In the second stage of the research using the THERM 7.4 program, selected details of the modifications in individual variants of insulation from the inside were modelled. The analysis of the calculation results began by determining the state of thermal insulation after the modifications were made (Fig. 15).
The above-presented values of heat transfer coefficient U for buildings in three variants of thermal insulation indicate a significant improvement in thermal insulation. Thermal insulation after insulation on the internal side using light weight concrete 5 cm thick gives the best results of U heat transfer coefficient at the level of 0.59 W/m2K (25 cm thick brick wall) and 0.52 W/(m2K), (12 cm thick brick wall). Nevertheless, it is worth noting that variant three in the form of thermal insulation using a log 14 cm in diameter gives comparable results as for option one. After the calculations of thermal insulation of the insulated partitions from the internal side (Tab. 10), the temperature was analyzed in the characteristic points and on the surface of the partition along with the determination of the fRsi temperature factor. The results for individual details of buildings in three variants of insulation are presented in the following Table 11.
The above temperature results together with the calculated temperature factor fRsi indicate unambiguously that in the case of a partition corner inside the analyzed building No. 1 for all three cases of thermal insulation there is a risk of moisture condensation, as indicated by the value of fRsi less than fRsi, max = 0.72 according to the applicable Technical Conditions. In the case of building no. 2, the risk of condensation does not occur only for variant three of insulation, while calculations for details of the building at Mickiewicz 8 Street indicate a risk of condensation in the corner only in variant one insulation. The presented calculations, for the characteristic points selected above, proved to be the places most exposed to the occurrence of surface condensation, which is confirmed by the above results. The temperature at the interface between the insulation layers and the existing partition structure as well as inside the layers of the existing structure in all considered cases remains positive, without revealing a dangerous shift of negative isothermal temperatures into the existing masonry structure. In addition, it is also worth noting that on the surface of the horizontal cross-sections the temperature on the inner surface of the partition is at least 14.9°C for building No. 1 in Variant two insulation and 15.7°C for buildings No. 2 and 3 in the second option of insulation, without showing the risk of surface condensation.
The carried out simulations and analyses confirmed the humidity stability of the existing walls with a wooden frame and brickwork filling. The existing layer system of the envelope does not bring about the accumulation of water content in the envelope.
The investigated objects have low (as compared to the applicable requirements) thermal insulation. The thermal performance of the envelope depends on the applied solutions of architectural details and on the type of material filling the frame.

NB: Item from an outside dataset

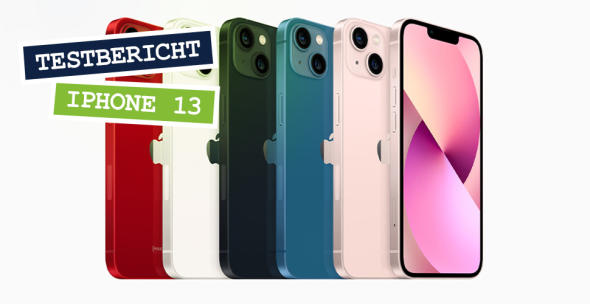 Das neue iPhone 13 in verschiedenen Farbdesigns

A significant part of the preserved, half-timbered buildings may be subjected to repairs, renovation or thermo-modernization works in the near future. When designing new solutions, differences in technical and architectural solutions should be taken into account (including the way architectural details are made). Buildings must be subject to individual assessment in terms of the existing state. The planned solutions should take into account the actual value of thermal insulation or humidity of the envelopes (which are the initial, baseline values for analyses). It is also advisable to determine the actual conditions of the indoor climate, consistent with the current or planned functional use of the premises, and to adopt a calculation period longer than 3 years.